また、お盆では卒塔婆を建てることが多いのですが、この場合は棚経(たなぎょう)で自宅に僧侶が来てくれる時に持ってきてくれるので、お盆期間中は自宅においておき、送り盆のときにお墓に持って行って建てます。

その他、春や秋のお彼岸で建てることもあります。

卒塔婆を依頼する場合には、僧侶が卒塔婆を書く時間も必要ですので、出来るだけ早く、少なくとも1週間前には依頼しておいた方が良いでしょう。

その際は「施主名」が必要になります。

つまり、誰が卒塔婆を建てようとしているのか、施主が誰なのかを伝えなくてはいけないということです。

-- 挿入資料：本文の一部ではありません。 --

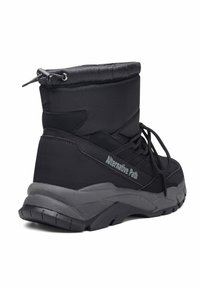 Botas de senderismo negras con parte superior de tela texturizada, soporte reforzado en el tobillo, cordones y una suela de goma duradera con una etiqueta de acento gris.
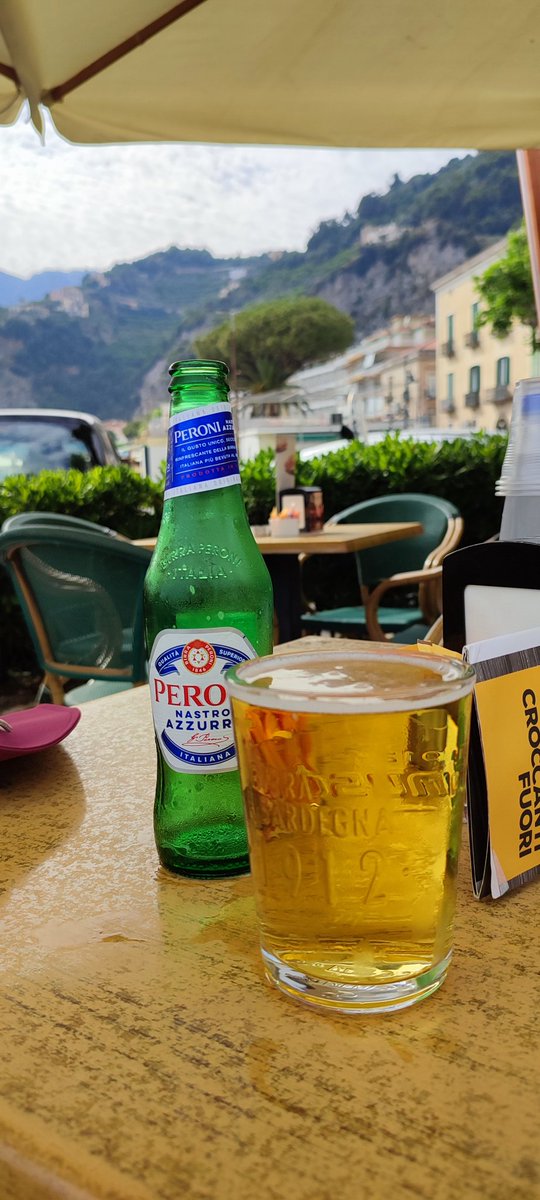 Junieli03's tweet photo. Questa si chiama meraviglia!
Un bel sentiero da fare un sabato mattina infuocato. E dopo, che fai? Non la prendi una birra ghiacciata? 🍋🍺
#sentierodeilimoni #costieraamalfitana #costiera #maioriminori https://t.co/Up99JbyzNs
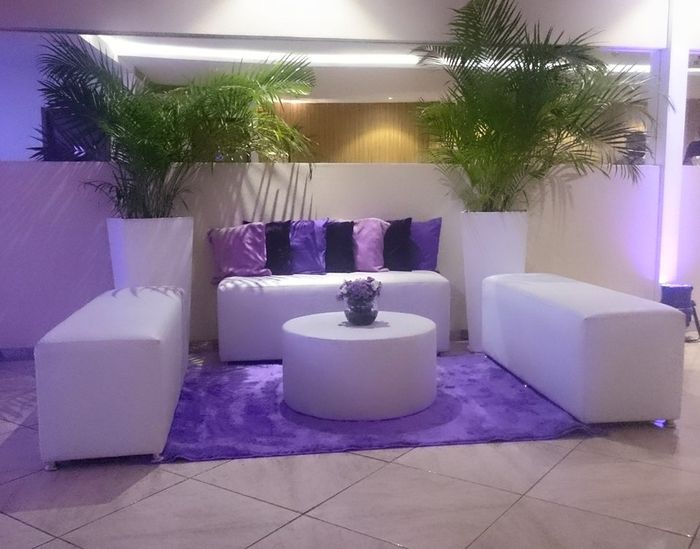 Espaço lounge nas cores q a noiva pedir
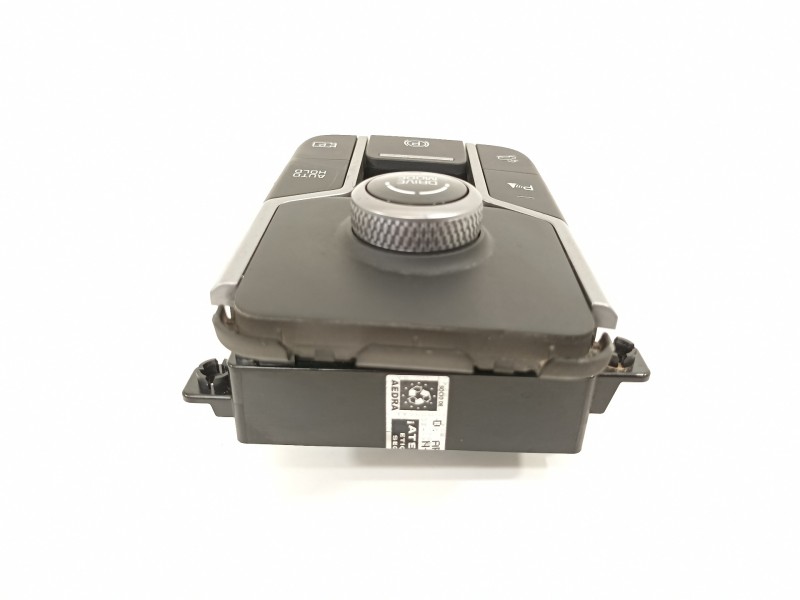 Recambio de palanca freno de mano para kia sorento hev 2023 1.6 tci-gdi referencia OEM IAM 93310P4450  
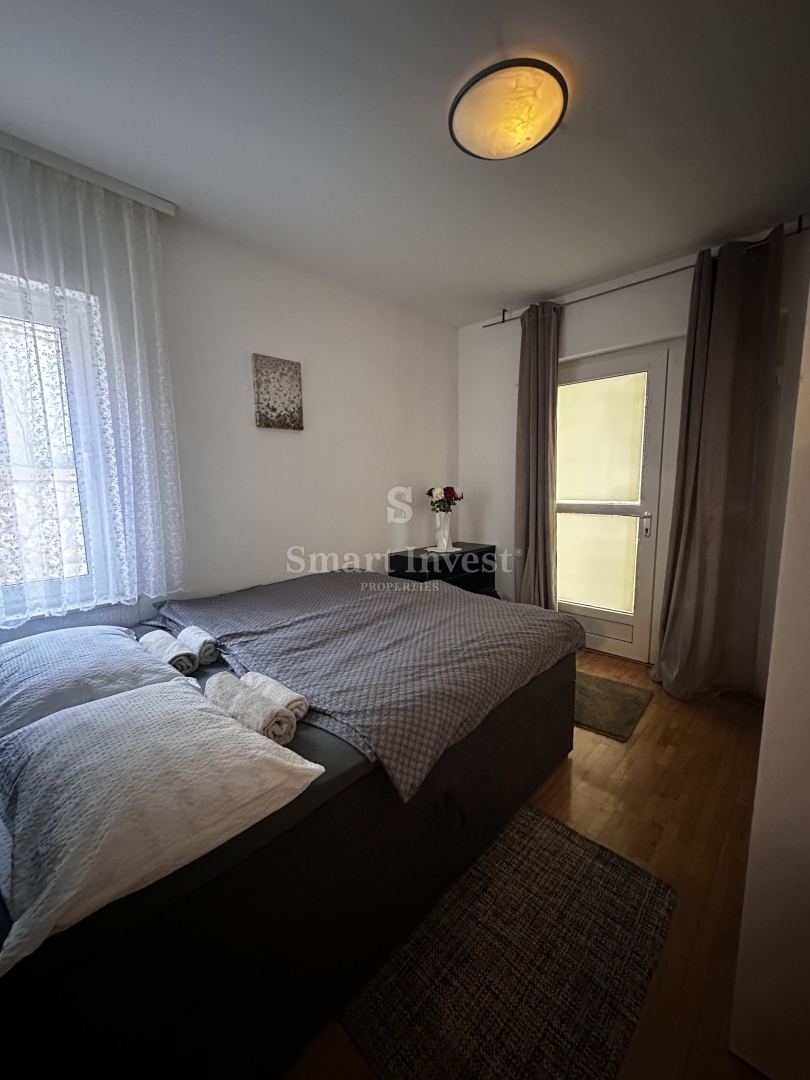 70 OPATIJA, stanovanje razdeljeno na 2 apartmaja, s pogledom na morje in vrtom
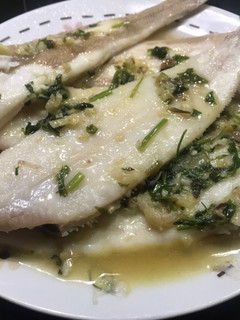 Una foto de Pescado blanco: Lenguadina con salsa de ajo 🧄 y perejil 🌿 !Sencillo y rápido!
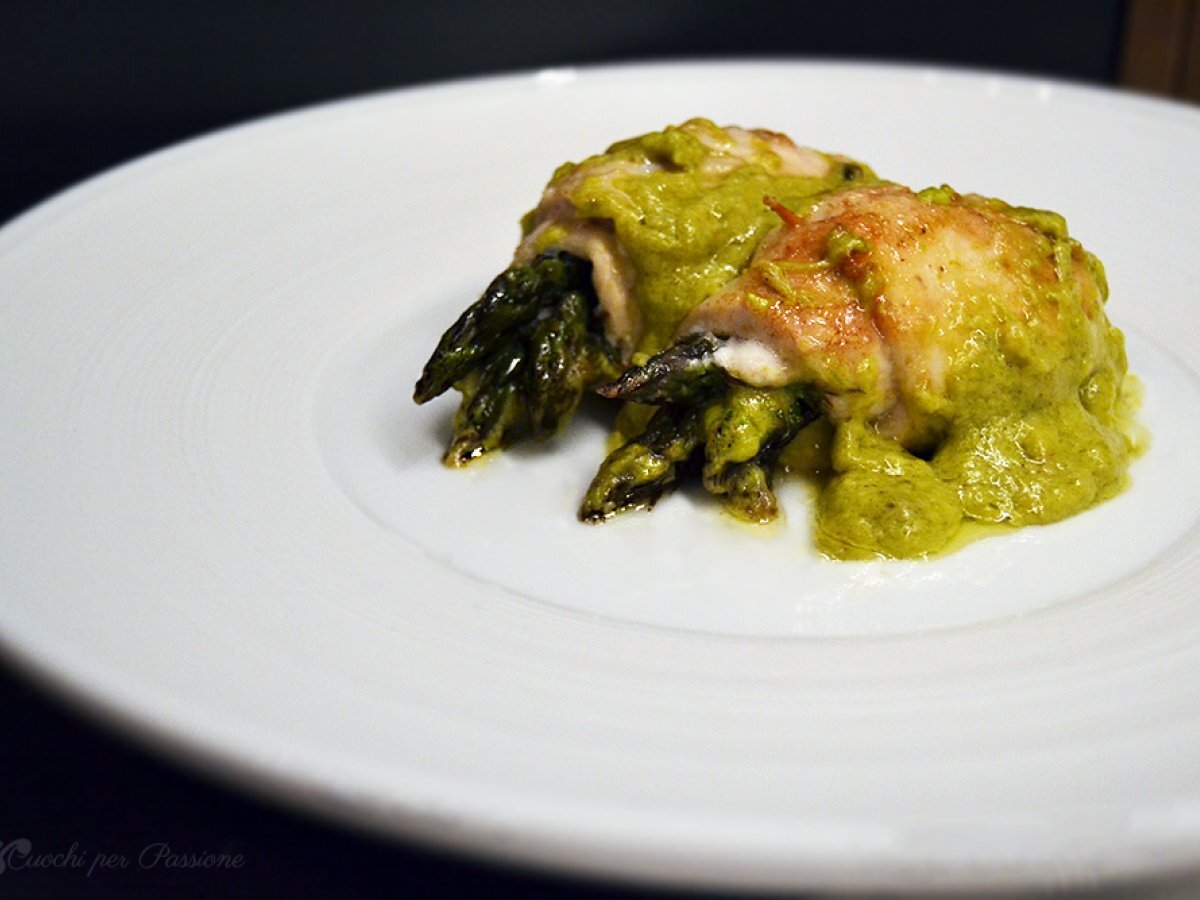 Involtini di Pollo con Asparagi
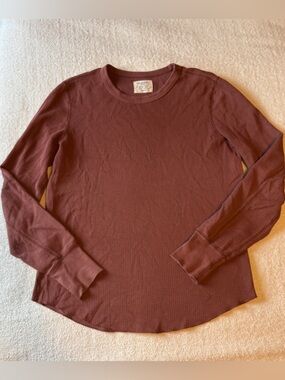 Buck Mason Vintage Thermal Surplus Long Sleeve Tee, Rust Color. Men’s Small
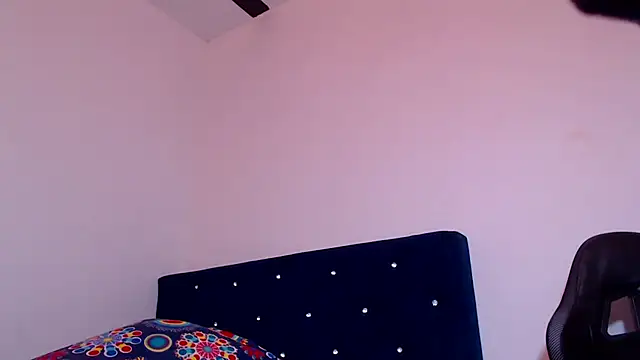 Snapshot of Aliice_Doll chatting on January 5, 2025, 10:50 pm Aliice Doll online show from January 5, 2025, 10:50 pm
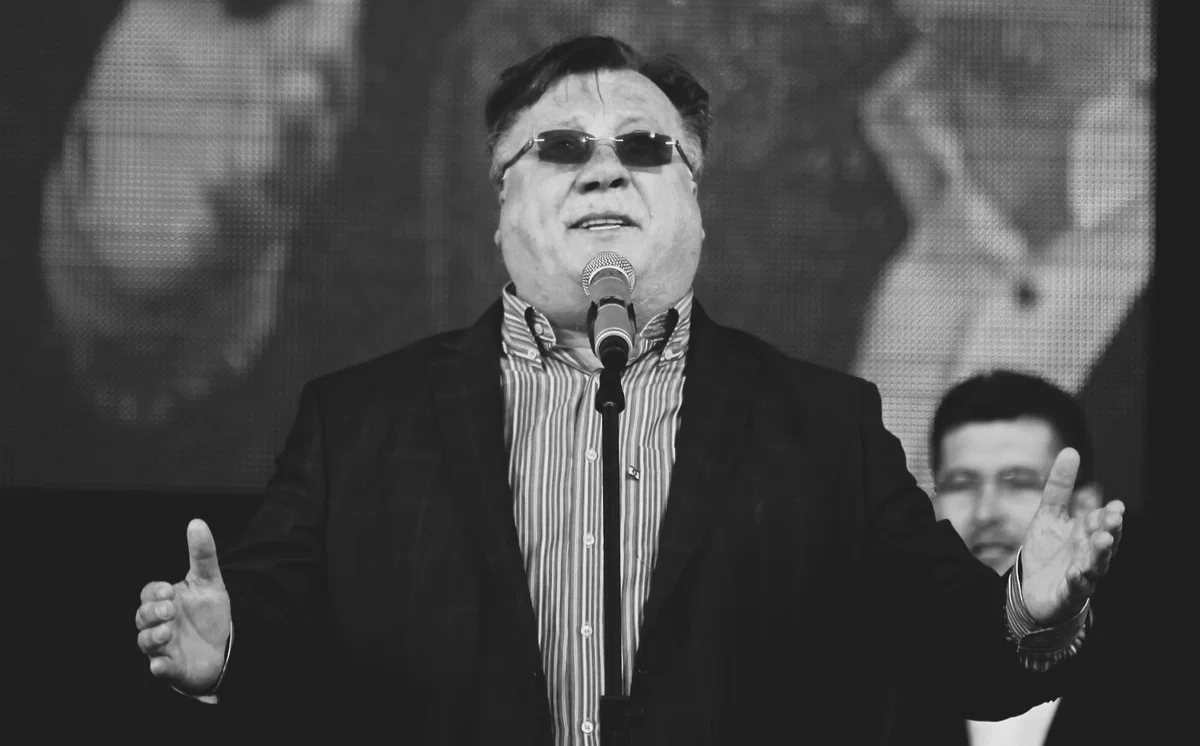 Umrl je pevec Halid Bešlić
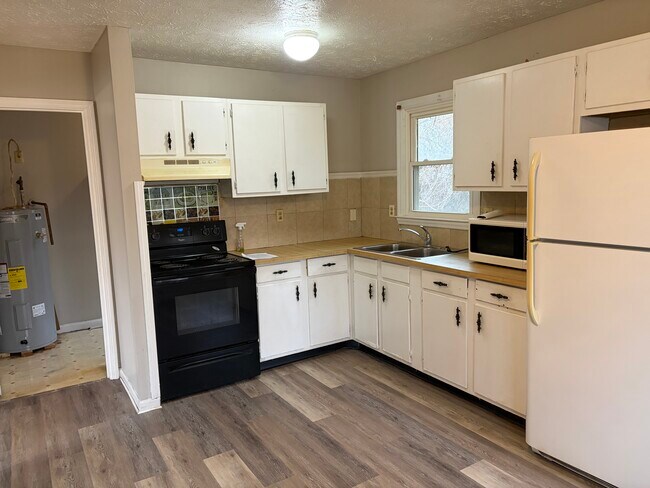 Foto del edificio - 2900 Mount McKinley Way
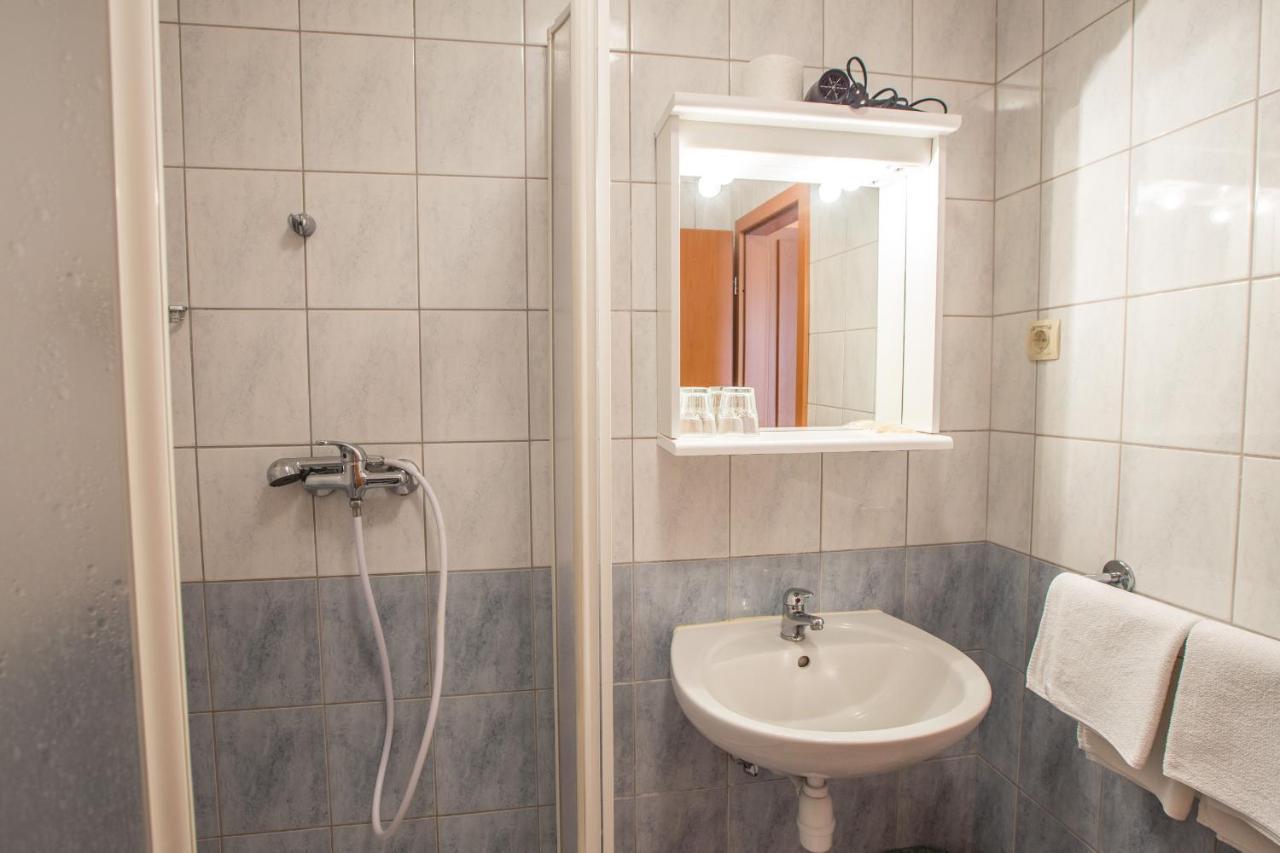 Guesthouse Beno Starše エクステリア 写真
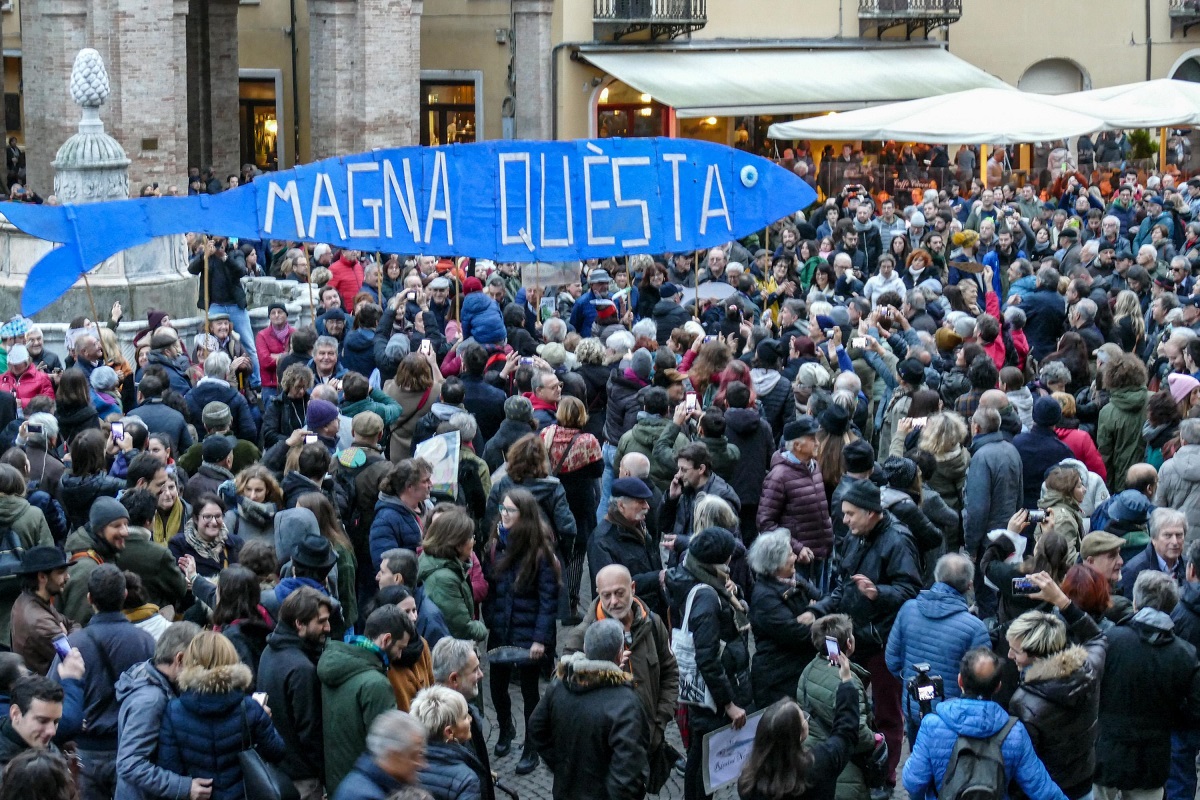 Le settemila 'sardine' che hanno occupato Piazza Cavour in un flashmob di protesta contro la presenza del leader della Lega Matteo Salvini, Rimini, 24 novembre 2019. ANSA/PASQUALE BOVE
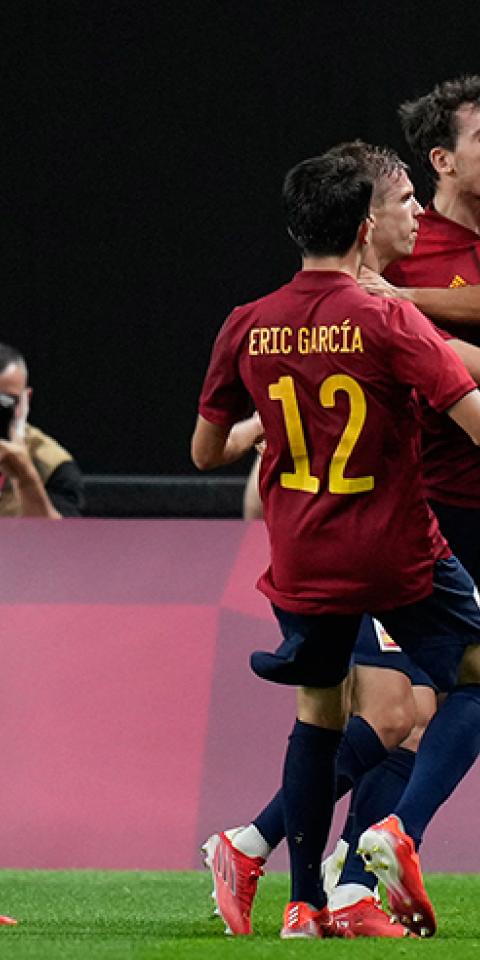 Los jugadores de la Rojita se abrazan en los Juegos Olímpicos. Conoce los pronósticos del España vs Argentina.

1基であれば、基本的に葬儀の際の喪主が卒塔婆建立の施主となることがほとんどなので、その人の名前で卒塔婆を依頼することになります。(もちろん施主は建てないが、親戚の〇〇さんが建てたいと言っているという場合には、施主以外のこともあります)

また、群馬においては施主の1基だけではなく、子どもや孫、兄弟や親戚などの多くの人が卒塔婆を建てることが多いです。

それぞれ、施主の名前を間違えないように、正確に寺院(僧侶)に伝えてください。

「〇〇太郎・花子」「孫一同」のように、複数人が施主となって1基を建てることも可能です。


尚、仏教において卒塔婆はさまざまな宗派が使用しますが、浄土真宗では基本的に使いません。

浄土真宗では「人は亡くなったらすぐに極楽浄土に往生するため、追善供養をする必要がない」「善を積まなくても阿弥陀如来が救ってくださるので必要がない」と考えられているためです。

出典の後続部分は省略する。